Can UV-B lights damage your plants? (2 UV-B-10 CFLs @ about 6 inches from tops)


----------



## IVIars (May 9, 2011)

people say anything over 5-6 hours could actually cause less thc


----------



## Sensibowl (May 13, 2011)

Justin00 said:


> before i post my big long explanation of the entire situation for everyone to dredge thru ill ask the question short and sweet first.
> 
> Can UV-B lights damage your plants? (2 UV-B-10 CFLs @ about 6 inches from tops)

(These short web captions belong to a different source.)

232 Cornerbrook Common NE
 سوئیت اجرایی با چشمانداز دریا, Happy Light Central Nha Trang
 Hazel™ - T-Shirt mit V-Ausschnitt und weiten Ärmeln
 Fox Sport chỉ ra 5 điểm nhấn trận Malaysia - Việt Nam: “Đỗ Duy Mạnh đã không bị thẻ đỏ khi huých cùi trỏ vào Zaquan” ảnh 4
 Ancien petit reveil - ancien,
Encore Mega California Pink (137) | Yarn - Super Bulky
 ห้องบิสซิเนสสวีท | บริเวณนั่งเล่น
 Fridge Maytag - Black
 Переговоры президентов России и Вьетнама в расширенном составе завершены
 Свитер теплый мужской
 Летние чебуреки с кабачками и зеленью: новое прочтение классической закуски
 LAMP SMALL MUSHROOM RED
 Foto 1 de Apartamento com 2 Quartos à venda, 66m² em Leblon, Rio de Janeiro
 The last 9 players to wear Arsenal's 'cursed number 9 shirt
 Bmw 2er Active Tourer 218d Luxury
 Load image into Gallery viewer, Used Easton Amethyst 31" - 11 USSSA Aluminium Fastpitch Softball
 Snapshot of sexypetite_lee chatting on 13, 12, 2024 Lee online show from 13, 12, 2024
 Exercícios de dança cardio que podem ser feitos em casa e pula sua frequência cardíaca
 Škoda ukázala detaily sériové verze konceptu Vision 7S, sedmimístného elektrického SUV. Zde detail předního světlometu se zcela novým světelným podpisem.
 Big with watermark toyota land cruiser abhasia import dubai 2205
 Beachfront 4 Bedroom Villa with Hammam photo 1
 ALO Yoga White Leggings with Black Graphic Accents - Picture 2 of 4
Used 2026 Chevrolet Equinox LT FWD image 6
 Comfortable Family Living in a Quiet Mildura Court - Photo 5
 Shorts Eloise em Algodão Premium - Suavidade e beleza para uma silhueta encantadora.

I think you need to worry about anything that's too much of something. Whiel plants would get the UVB rays outside, you never want to OD on anythign in the grow room. Stick to moderate amounts of everything and plants will respond better.

HTere are some sweet lighting setups on Advanced Nutrients' site. I didn't realize they had so much stuff until recently. Lots of new stuff, it seems.

I'm thinking about ramping up my grow room and your post really got me thinking about the kind of lights I need.

good lcuk!


----------



## Cali.Grown>408 (May 13, 2011)

well look at all the uvb coming from the sun...you can go outside and get sunburnt and go in your grow room and try to get sunburnt but u wont..i can guarantee the uvb is stronger outside and your plants are actually loving it..outdoor plants get about 8-11 hours of uvb a day to by the way plus i've been using uvb for years and i usually keep it on 8-11 hours a day


----------



## vh13 (May 13, 2011)

Those UV bulbs can cast more UV light on your plants then the sun if they're too close.

I used to know how much UV light the sun casts per square foot, and the wattage per square foot that a UV bulb would correspond to... there is an appropriate wattage for the square footage of the grow space... but I don't remember anymore, so now you know what to research.


----------



## herbderby (May 13, 2011)

i run 4 13w repitsun cfls and a 2 foot reptisun t8, both uvb 10.0.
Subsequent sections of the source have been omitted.